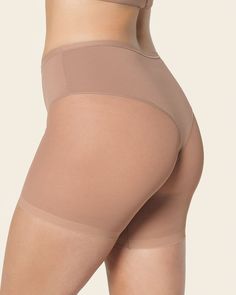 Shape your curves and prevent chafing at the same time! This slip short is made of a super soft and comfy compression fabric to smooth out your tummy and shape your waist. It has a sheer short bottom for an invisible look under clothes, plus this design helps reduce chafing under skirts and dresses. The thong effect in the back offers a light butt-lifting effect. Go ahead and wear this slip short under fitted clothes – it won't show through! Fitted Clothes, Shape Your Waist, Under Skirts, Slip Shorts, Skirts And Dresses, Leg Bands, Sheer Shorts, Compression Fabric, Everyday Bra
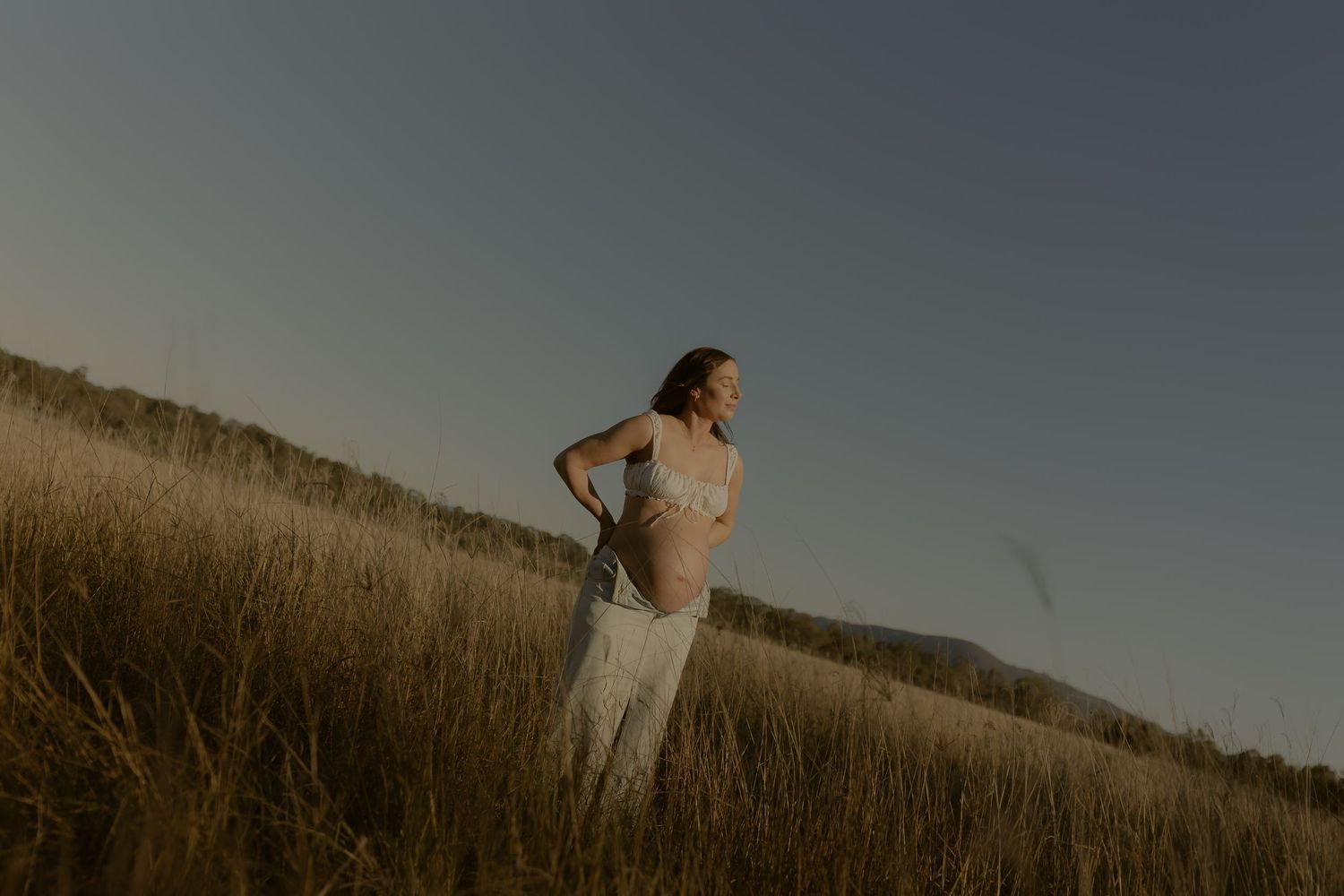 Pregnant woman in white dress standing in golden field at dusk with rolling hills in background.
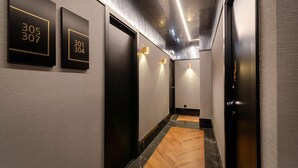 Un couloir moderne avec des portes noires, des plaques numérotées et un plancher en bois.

EXERCISE AIM
Please transcribe each line above exactly, but leave the images out.

RESULT BELOW
 Shape your curves and prevent chafing at the same time! This slip short is made of a super soft and comfy compression fabric to smooth out your tummy and shape your waist. It has a sheer short bottom for an invisible look under clothes, plus this design helps reduce chafing under skirts and dresses. The thong effect in the back offers a light butt-lifting effect. Go ahead and wear this slip short under fitted clothes – it won't show through! Fitted Clothes, Shape Your Waist, Under Skirts, Slip Shorts, Skirts And Dresses, Leg Bands, Sheer Shorts, Compression Fabric, Everyday Bra
 Pregnant woman in white dress standing in golden field at dusk with rolling hills in background.
 Un couloir moderne avec des portes noires, des plaques numérotées et un plancher en bois.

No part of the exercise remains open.